Emergency laws brought in by the Modi government just two years ago were used to enforce the ban.
Both Twitter and YouTube quickly complied with the government’s censorship requests. Posts on about 50 Twitter accounts were removed, with activists, politicians and even Hollywood actors among those affected, as well as an unspecified number of YouTube channels. Widely shared clips of the documentary, which alleged that Modi, in his role as chief minister of Gujarat at the time, had enabled and then did nothing to stop the violence in which almost 1,000 Muslims were killed, quickly disappeared from Indian social media.
It is not the first time the Modi government has used the 2021 information technology rules to censor online content critical of the administration. However, the action taken over the BBC documentary is among the most high-profile use of the legislation and sheds light on the fragile and fractious place that social media such as Twitter now occupy in India and directly pits the vow of the platform’s new billionaire owner, Elon Musk, to be a “free speech absolutist” against increasingly authoritarian laws governing the country’s online sphere.
Widely criticised by human rights groups and digital activists, the 2021 IT rules give the government power to remove any content it deems to threaten “the unity, integrity, defence, security or sovereignty of India”.
Even before the passing of the legislation, legal demands made by the Modi government to remove content from Twitter increased by 48,000% between 2014 and 2020, according to analysis of the company’s transparency reports.

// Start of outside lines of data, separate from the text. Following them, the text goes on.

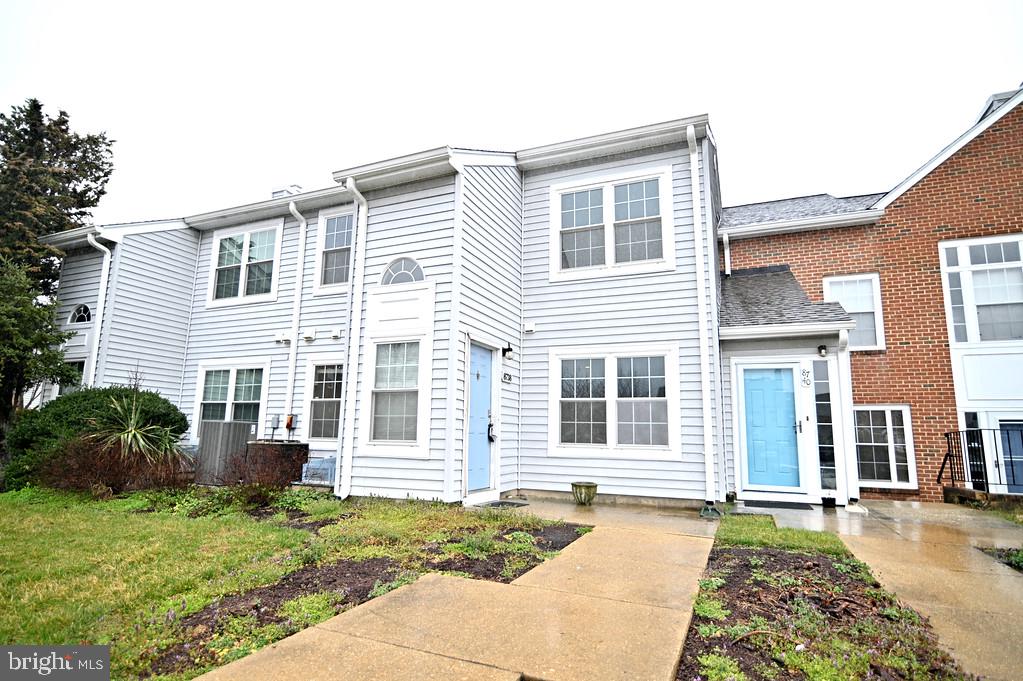 DEVON HILLS - Residential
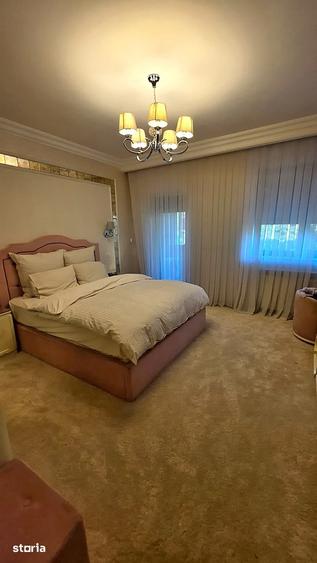 Casă cu 8 camere cu Teren 1223 Mp în Central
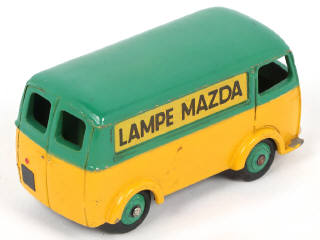 Lot 326 - DINKY TOYS (FRANCE) (1)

The two-part BBC series documenting the rise of Modi has proved highly controversial in India, despite it only being released in the UK, prompting allegations from the Indian foreign ministry that it was “biased propaganda” that showed a “blatant colonial mindset”.
Kanchan Gupta, a spokesperson for the information ministry, called the documentary “hostile propaganda and anti-India garbage” and students who arranged a screening at a university in Kerala this week were accused of being “treasonous”. At Delhi’s prestigious Jawaharlal Nehru University, students who tried the same were hit with an electricity and internet blackout, and had stones thrown at them by others from rightwing groups.

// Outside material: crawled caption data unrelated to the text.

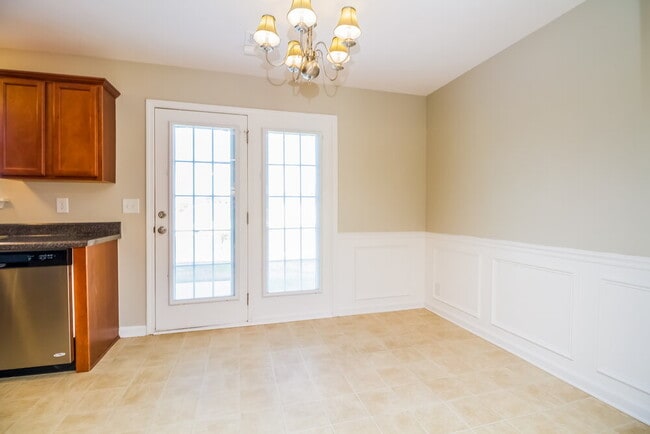 Photo - 9204 Thomason Trail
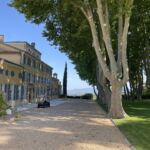 Den vackra gården Chateau d´Esclans köptes upp 2006 av Sascha Lichine från Bordeaux. Idag är även LMVH-gruppen delägare i denna gigantiska egendom som producerar 7 miljoner buteljer vin årligen Den vackra gården Chateau d´Esclans köptes upp 2006 av Sascha Lichine från Bordeaux. Idag är även LMVH-gruppen delägare i denna gigantiska egendom som producerar 7 miljoner buteljer vin årligen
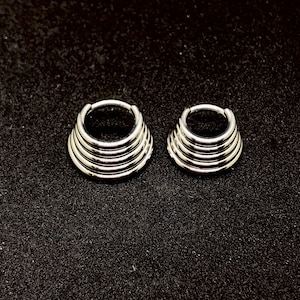 チタン 5連リング（5リング）セプタムヒンジクリッカー。18g、16g、14g。さまざまな直径をご用意しています。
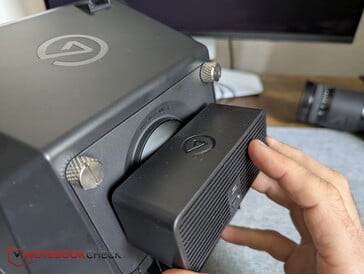 Facecam 镜头与开口完全吻合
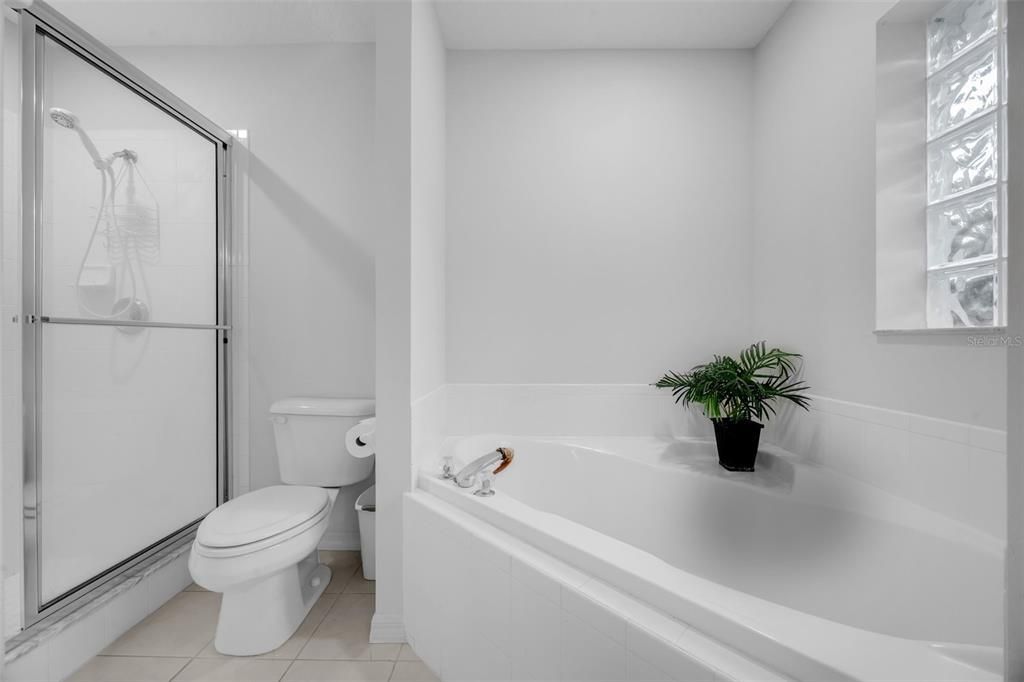 На продажу: $379,999 (4 спален, 3 ванн, 1907 Квадратных фут)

The BBC has said its documentary was “rigorously researched according to highest editorial standards”.
Many have cited their compliance with the online censorship of the documentary as an example of how Twitter and YouTube are helping to further erode freedom of speech in India, in order to appease the Modi government and not compromise access to the vast and increasingly online Indian population. There are over 40 million Twitter users in India, making it their third largest market after Japan and the US.

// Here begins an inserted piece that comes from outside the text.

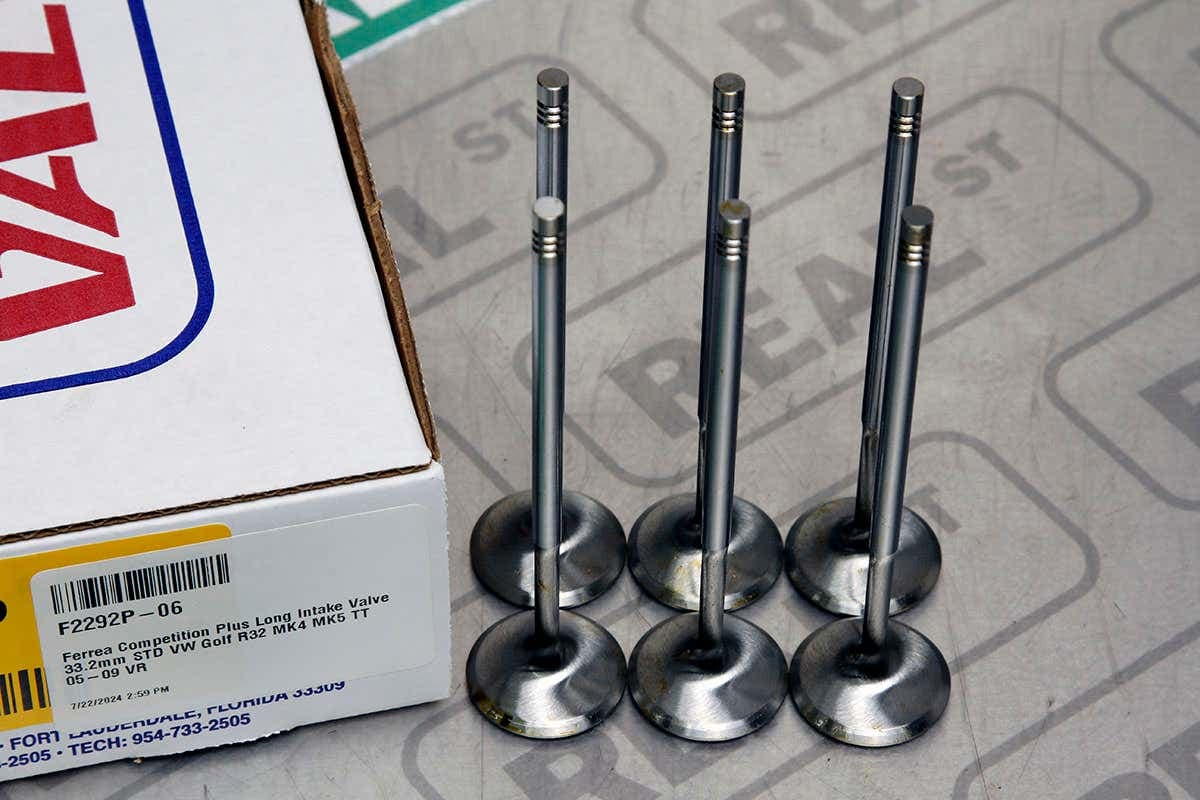 Клапаны Ferrea — Golf R32 04 MK4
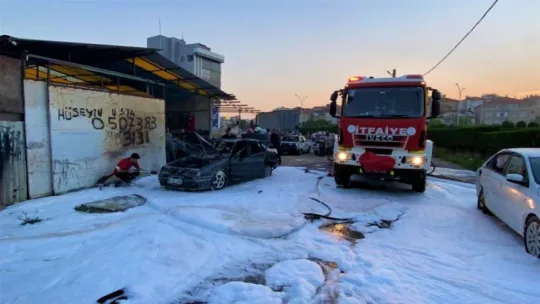 Otomobil tamir edilirken aniden alev aldı!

“This use of an emergency law as a censorship mechanism is a very worrying development but it’s far from the first time this has happened,” said Prateek Waghre, the policy director at the advocacy group the Internet Freedom Foundation in India. According to a statement to parliament in July, action was taken against 94 YouTube channels, 19 social media accounts and 747 URLs on the government’s request since the IT rules were passed.
Elon Musk ‘entering Twitter HQ’. Photograph: @elonmusk / Twitter
Before Musk’s takeover, Twitter had pushed back – though somewhat inconsistently – against the Modi government’s increasingly heavy-handed approach towards social media. Twitter had restored some of the accounts the administration had demanded the removal of and in July last year filed a lawsuit in Indian courts alleging New Delhi had abused its power by ordering the company to arbitrarily and disproportionately take down accounts belonging to government critics.
Twitter still reports all the posts and accounts it removes at the request of the Indian government to the online database Lumen. YouTube, however, does not.
Yet for all his protestations to be a crusader for free speech, there are indicators that Musk’s Twitter might be far less bullish in standing up to the Modi government. When Musk was trying to back out of the deal to buy the platform, he made it clear in the court filings that he was unhappy with the lawsuit against the Indian government, saying he believed moderation should “hew close to the laws of countries in which Twitter operates”.
Among the Indian accounts that have been reinstated since Musk took over is that of Kangana Ranaut, a fiercely pro-Modi actor who has espoused anti-Muslim sentiments and was suspended in 2021 for posts that were seen as a call to violence against minorities.
On taking over, he has not mentioned the lawsuit once but did fire almost all 200 of Twitter’s employees in India. Separately, Musk’s car company, Tesla, is lobbying India’s government to reduce import taxes on electric vehicles so it can have access to the lucrative Indian market.
Waghre said Musk’s position on championing free speech on Twitter, already wildly inconsistent, was likely to be “severely tested in India”, as the furore around the BBC documentary had proven.
“We’re talking about pressures on freedom of speech in the world’s largest democracy,” Waghre said. “Musk’s pledge has rung hollow everywhere, but in India the impact will certainly be larger.”